Cette fois, aucun poids lourd comme Valérie Pécresse ou Xavier Bertrand ne lui fait face. Avec Aurélien Pradié, numéro 3 du parti, et Bruno Retailleau, patron des sénateurs LR, comme adversaires, l'élu sudiste s'avance désormais avec un nouveau statut. Il troque son costume d'outsider contre celui de favori.

Autant un symbole d'ascension pour cet apparatchik que la représentation de la longue dégringolade d'un parti où plus grand monde ne se presse au portillon pour prendre les commandes d'un navire à la dérive.

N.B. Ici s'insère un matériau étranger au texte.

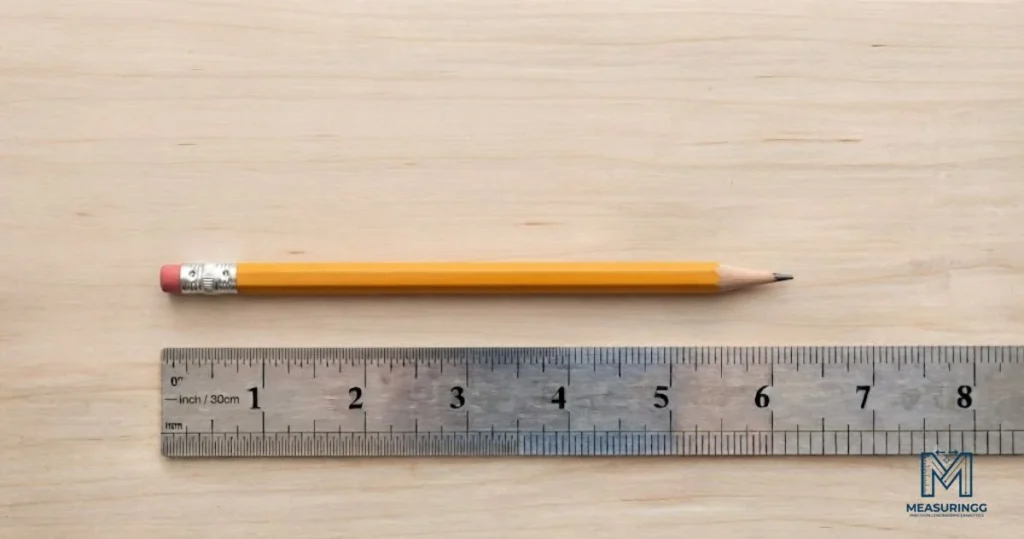Pen or Pencil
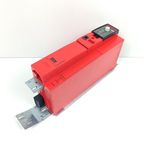 Eurodrive Movitrac B MC07B0040-5A3-4-S0 / FSC11B Umrichter TOP ZUSTAND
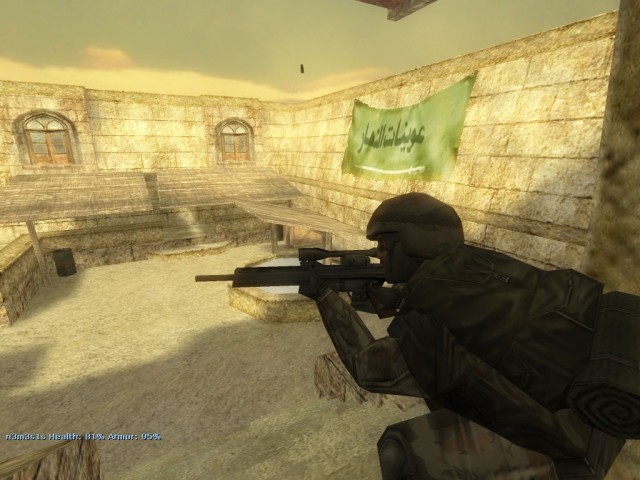 Ingame-Pic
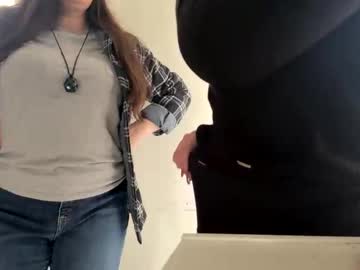 funflirt97's chat room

Une campagne plus prudente

Pour sa nouvelle campagne, Éric Ciotti avance avec davantage de parcimonie. Pas de proposition type "Guantanamo à la française", cette fois. Il est favori, c'est le jeu. Pour autant, le député ne change pas son positionnement. Sa jambe régalienne est toujours aussi musclée. L'accueil de l'Ocean Viking et ses 234 migrants en France? Une "bérézina", cingle-t-il sur LCI le 21 novembre lors d'un débat avec Aurélien Pradié et Bruno Retailleau.

Avant d'aller plus loin en estimant que dans cette affaire, "c'est Italie 1, France 0". Comme lors de la primaire 2021, le parlementaire sort quelque peu de ses habits de "Monsieur sécurité", en proposant également une approche économique résolument libérale. Il se différencie de ses deux concurrents en promettant que Laurent Wauquiez sera le candidat de la droite s'il est élu à la tête de LR. Une façon de surfer sur la popularité du président de la région Auvergne-Rhône-Alpes, mais aussi d'enterrer le système des primaires.

Pour Éric Ciotti, le plus dur commence. Il lui faudra relever un parti tout juste sorti d'une bérézina historique à la dernière présidentielle et qui peine à trouver sa place entre la macronie et l'extrême droite. "Aujourd'hui, on bouge encore et on a des forces, des convictions, des territoires, des militants", relevait l'élu sur LCI à la fin novembre. Pour l'avenir ? " C'est en 2027 qu'on verra si on est mort ou pas", pariait Éric Ciotti.